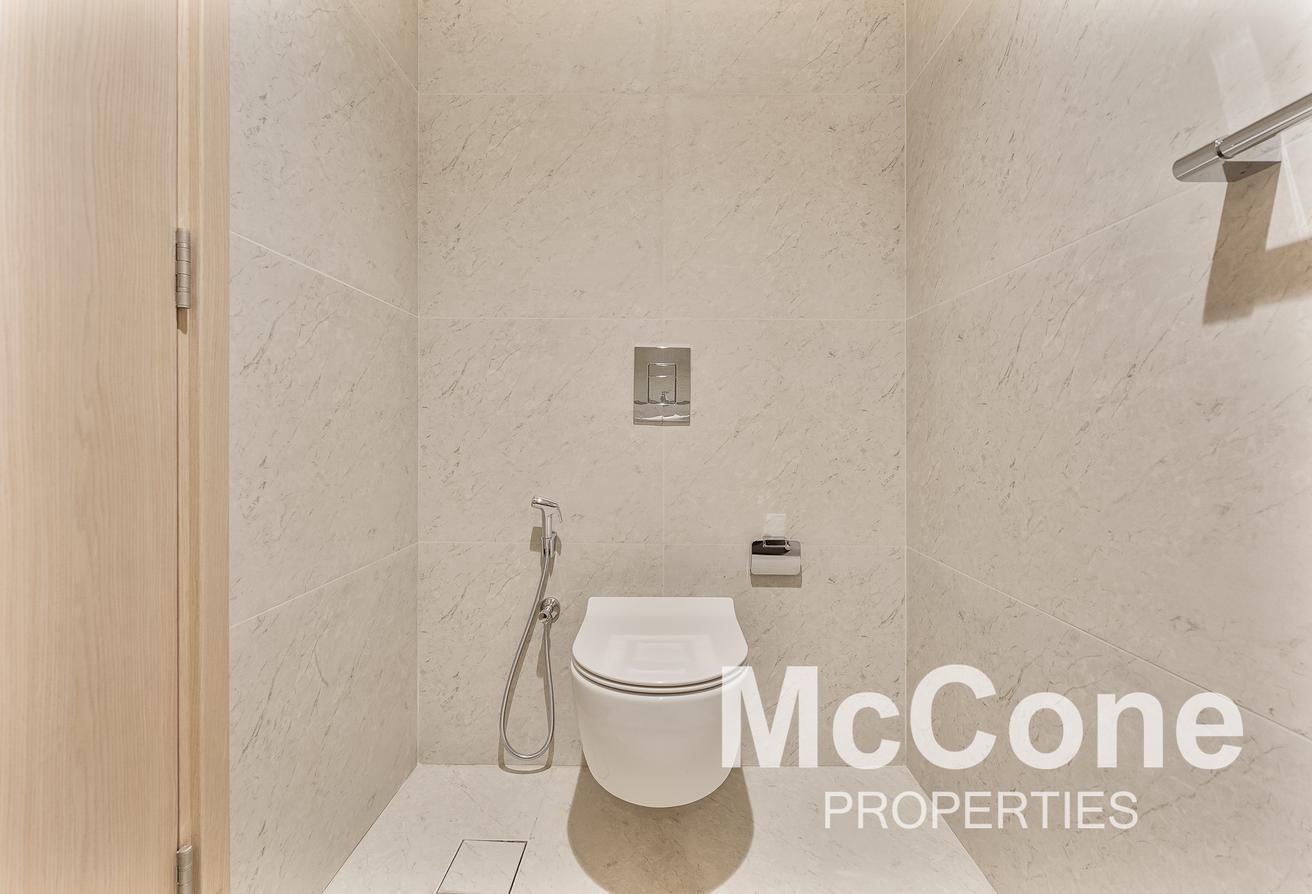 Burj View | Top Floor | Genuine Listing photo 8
=======
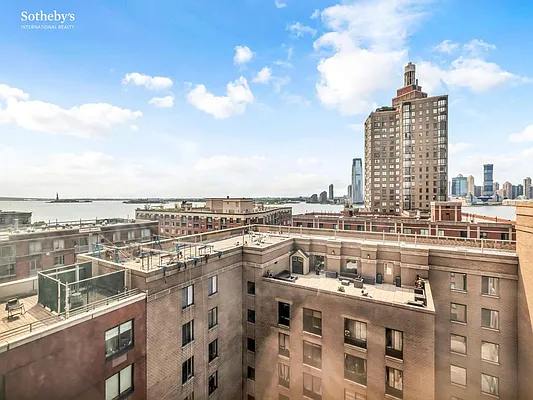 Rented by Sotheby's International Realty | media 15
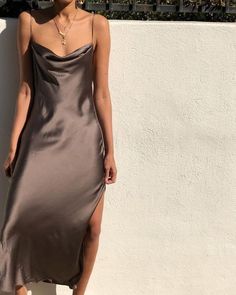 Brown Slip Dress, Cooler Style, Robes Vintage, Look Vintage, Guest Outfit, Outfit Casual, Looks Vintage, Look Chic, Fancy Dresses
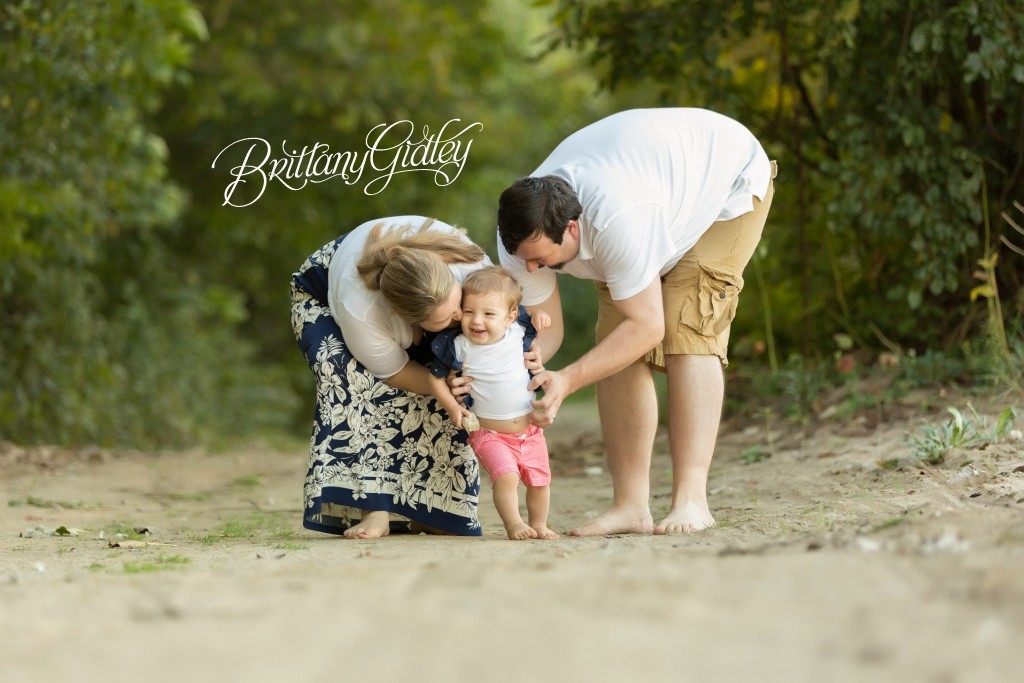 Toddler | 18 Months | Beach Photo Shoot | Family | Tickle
=======
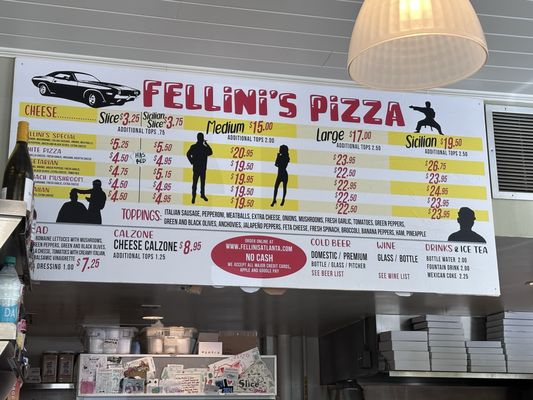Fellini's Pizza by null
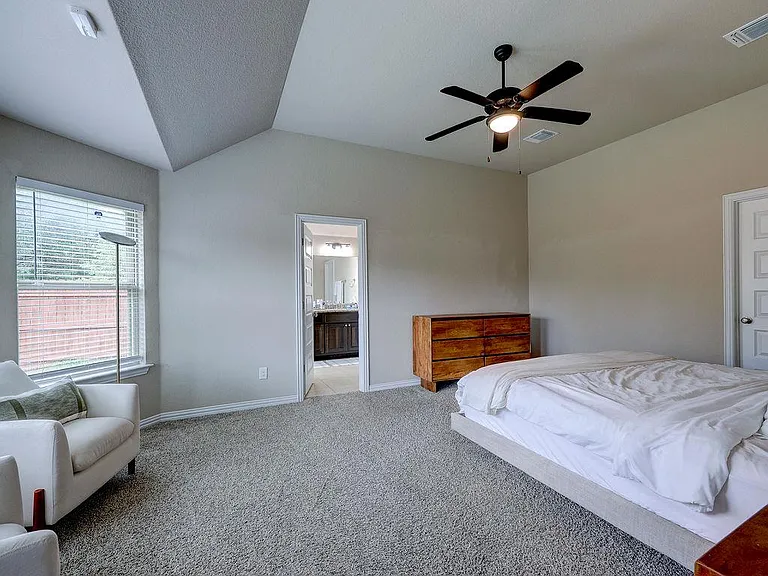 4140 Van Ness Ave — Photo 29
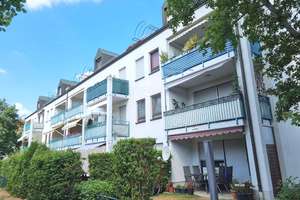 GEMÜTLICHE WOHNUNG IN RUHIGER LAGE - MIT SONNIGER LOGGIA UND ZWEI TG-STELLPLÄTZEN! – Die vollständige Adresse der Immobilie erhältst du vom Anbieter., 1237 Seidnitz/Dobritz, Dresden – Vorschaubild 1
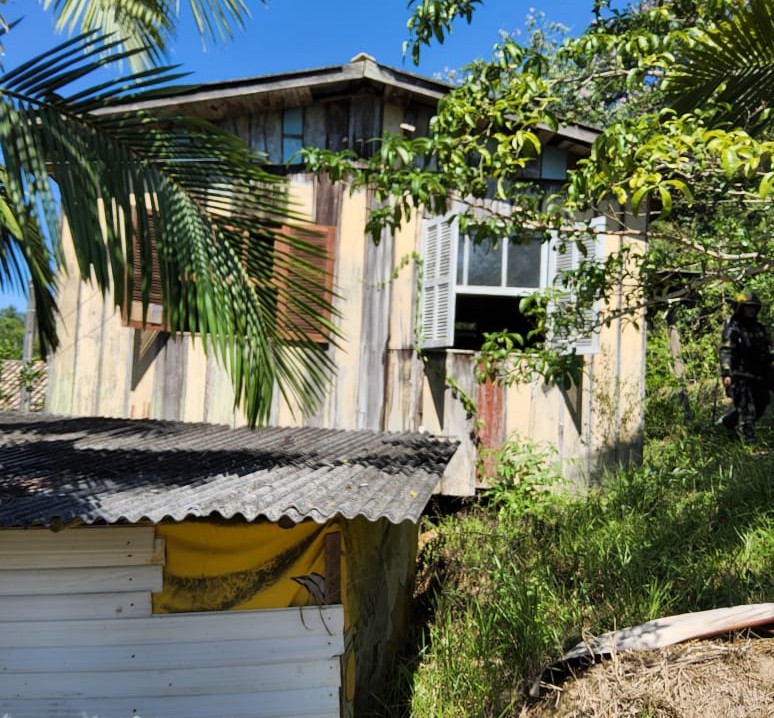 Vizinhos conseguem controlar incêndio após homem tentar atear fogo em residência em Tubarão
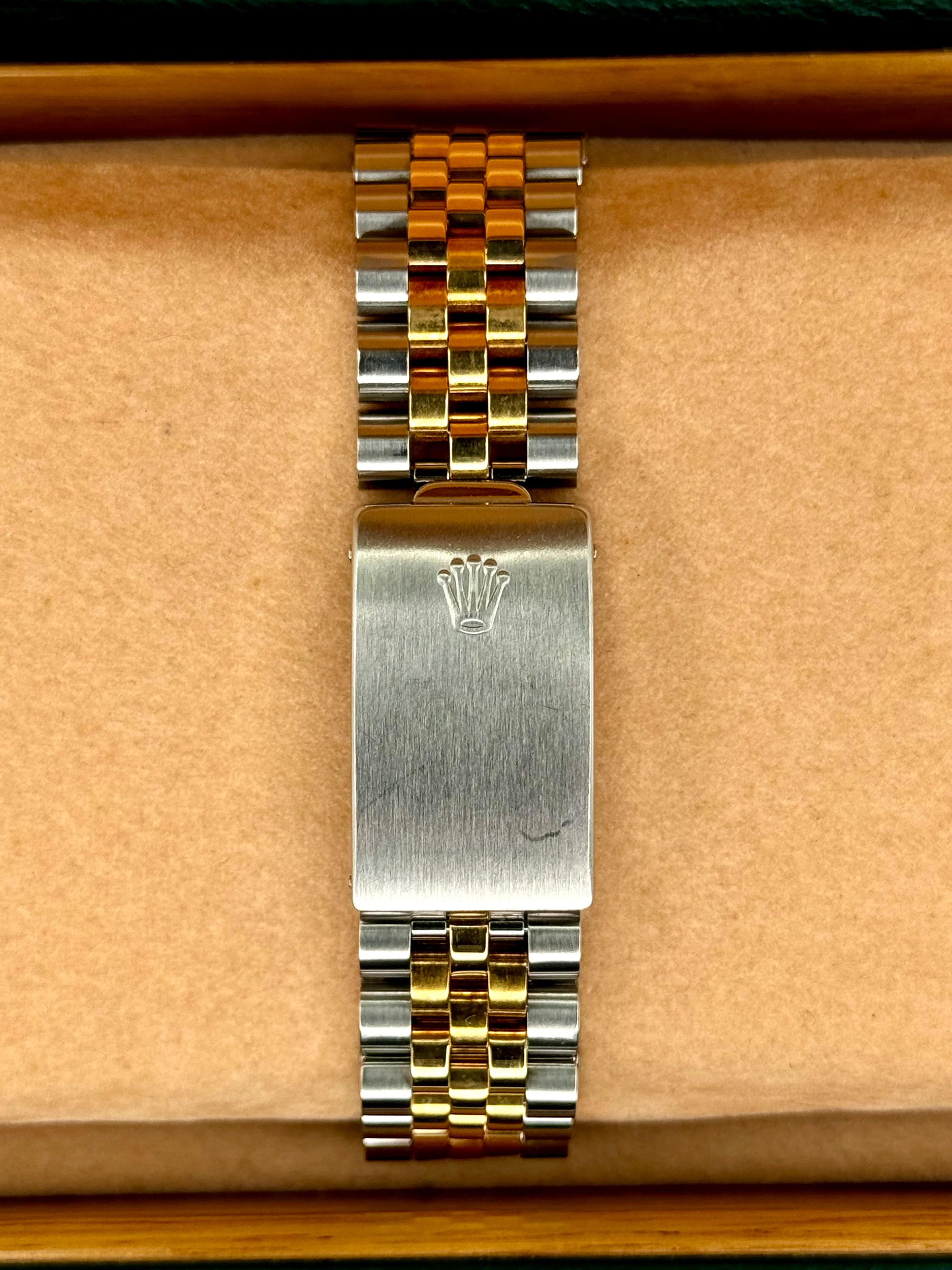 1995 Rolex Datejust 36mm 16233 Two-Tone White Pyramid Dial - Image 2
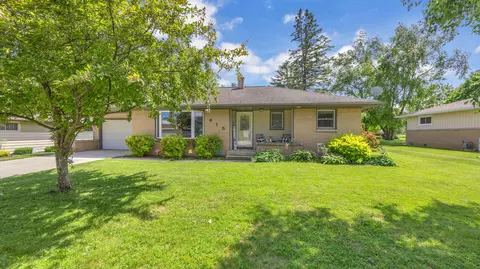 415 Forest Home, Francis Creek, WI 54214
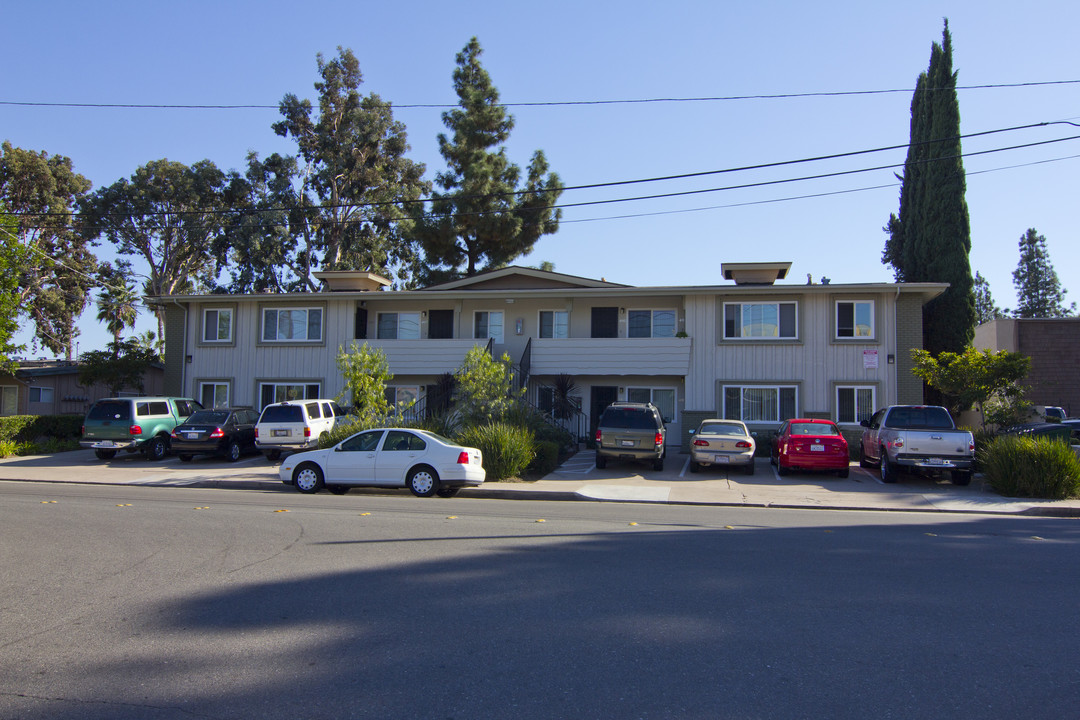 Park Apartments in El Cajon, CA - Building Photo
=======
Action item:
Word for word, retype the lines in the entries above that run from the one with "GEMÜTLICHE WOHNUNG IN" through the one with "1995 Rolex Datejust". Both ends count; pictures do not.

Written reply:
 GEMÜTLICHE WOHNUNG IN RUHIGER LAGE - MIT SONNIGER LOGGIA UND ZWEI TG-STELLPLÄTZEN! – Die vollständige Adresse der Immobilie erhältst du vom Anbieter., 1237 Seidnitz/Dobritz, Dresden – Vorschaubild 1
 Vizinhos conseguem controlar incêndio após homem tentar atear fogo em residência em Tubarão
 1995 Rolex Datejust 36mm 16233 Two-Tone White Pyramid Dial - Image 2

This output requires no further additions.